Work to complete. For each line below that holds "Large", return the line as it stands.

Dataset excerpts.
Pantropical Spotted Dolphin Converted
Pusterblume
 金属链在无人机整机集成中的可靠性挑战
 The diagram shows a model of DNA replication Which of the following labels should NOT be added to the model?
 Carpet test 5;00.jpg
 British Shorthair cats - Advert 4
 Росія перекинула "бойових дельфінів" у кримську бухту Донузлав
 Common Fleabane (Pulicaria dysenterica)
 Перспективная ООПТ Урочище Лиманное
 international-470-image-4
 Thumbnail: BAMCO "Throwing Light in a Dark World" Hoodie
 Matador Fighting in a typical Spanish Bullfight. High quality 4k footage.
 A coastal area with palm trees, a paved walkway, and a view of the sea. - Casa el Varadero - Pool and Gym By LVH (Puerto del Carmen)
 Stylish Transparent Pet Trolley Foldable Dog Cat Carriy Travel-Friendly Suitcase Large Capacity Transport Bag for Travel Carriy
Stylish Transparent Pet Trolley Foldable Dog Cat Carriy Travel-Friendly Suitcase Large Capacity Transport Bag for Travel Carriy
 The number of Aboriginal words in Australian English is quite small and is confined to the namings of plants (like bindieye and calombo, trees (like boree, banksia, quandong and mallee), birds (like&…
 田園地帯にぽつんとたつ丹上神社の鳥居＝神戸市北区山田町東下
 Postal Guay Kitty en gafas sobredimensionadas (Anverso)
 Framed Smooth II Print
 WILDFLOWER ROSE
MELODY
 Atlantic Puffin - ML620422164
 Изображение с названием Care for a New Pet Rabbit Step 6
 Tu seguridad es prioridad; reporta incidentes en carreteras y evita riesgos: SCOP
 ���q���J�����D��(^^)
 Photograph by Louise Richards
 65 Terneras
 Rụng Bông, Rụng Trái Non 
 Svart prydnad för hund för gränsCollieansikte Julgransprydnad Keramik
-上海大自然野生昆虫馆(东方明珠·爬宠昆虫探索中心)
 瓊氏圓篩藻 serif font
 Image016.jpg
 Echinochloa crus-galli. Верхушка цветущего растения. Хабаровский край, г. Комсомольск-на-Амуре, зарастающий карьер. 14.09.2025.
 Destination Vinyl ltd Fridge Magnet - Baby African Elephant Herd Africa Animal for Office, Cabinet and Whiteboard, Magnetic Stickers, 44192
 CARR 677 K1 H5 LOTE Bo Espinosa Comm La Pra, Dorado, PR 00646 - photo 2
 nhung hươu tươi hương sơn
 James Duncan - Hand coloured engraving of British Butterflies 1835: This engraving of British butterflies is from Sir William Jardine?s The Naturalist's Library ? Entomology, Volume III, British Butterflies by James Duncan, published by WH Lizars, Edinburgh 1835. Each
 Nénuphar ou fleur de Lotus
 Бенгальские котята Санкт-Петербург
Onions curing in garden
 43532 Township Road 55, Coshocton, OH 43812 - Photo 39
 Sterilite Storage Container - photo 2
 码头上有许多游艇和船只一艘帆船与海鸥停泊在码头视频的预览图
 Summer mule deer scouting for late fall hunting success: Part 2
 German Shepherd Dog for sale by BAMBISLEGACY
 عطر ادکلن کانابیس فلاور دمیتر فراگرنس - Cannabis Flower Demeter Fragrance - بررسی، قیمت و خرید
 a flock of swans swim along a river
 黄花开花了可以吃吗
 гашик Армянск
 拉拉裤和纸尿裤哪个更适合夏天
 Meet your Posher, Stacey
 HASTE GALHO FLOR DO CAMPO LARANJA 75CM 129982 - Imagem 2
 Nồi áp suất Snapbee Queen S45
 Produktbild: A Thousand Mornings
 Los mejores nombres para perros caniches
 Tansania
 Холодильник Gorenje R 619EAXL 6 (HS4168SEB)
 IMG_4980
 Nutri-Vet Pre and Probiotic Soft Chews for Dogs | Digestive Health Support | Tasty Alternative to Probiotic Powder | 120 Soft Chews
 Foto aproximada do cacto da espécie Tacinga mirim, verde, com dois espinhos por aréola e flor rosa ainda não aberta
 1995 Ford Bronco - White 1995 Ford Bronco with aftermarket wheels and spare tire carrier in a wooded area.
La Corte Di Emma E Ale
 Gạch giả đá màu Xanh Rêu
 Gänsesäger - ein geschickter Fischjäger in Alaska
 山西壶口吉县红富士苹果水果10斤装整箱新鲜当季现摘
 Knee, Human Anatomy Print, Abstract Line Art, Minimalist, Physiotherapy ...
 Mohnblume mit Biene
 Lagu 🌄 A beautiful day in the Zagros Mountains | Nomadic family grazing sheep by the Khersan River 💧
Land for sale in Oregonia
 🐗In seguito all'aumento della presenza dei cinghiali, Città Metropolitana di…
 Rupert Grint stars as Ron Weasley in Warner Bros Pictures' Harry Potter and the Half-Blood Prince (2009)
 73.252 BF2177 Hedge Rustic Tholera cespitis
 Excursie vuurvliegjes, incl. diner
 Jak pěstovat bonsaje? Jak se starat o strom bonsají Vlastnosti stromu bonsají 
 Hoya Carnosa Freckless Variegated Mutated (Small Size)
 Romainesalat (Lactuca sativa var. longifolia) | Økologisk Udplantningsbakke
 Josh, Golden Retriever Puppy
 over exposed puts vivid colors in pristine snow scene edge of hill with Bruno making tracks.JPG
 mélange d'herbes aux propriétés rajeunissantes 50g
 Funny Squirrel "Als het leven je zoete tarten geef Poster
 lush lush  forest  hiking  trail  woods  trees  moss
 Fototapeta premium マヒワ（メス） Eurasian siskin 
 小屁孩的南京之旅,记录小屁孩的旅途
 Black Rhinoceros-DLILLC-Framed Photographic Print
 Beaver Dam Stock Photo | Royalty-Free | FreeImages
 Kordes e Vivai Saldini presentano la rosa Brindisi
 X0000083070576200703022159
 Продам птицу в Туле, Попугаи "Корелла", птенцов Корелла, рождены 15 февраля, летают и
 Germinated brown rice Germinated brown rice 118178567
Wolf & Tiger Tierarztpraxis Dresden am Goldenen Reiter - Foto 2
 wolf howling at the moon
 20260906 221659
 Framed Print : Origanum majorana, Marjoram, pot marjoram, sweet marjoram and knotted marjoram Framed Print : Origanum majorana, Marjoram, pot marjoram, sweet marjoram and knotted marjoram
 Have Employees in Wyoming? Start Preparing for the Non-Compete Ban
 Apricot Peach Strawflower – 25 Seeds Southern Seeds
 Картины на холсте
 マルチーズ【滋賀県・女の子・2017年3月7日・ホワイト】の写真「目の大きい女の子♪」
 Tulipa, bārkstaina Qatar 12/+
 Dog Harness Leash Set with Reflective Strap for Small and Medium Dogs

Solution for this problem.
 Stylish Transparent Pet Trolley Foldable Dog Cat Carriy Travel-Friendly Suitcase Large Capacity Transport Bag for Travel Carriy
Stylish Transparent Pet Trolley Foldable Dog Cat Carriy Travel-Friendly Suitcase Large Capacity Transport Bag for Travel Carriy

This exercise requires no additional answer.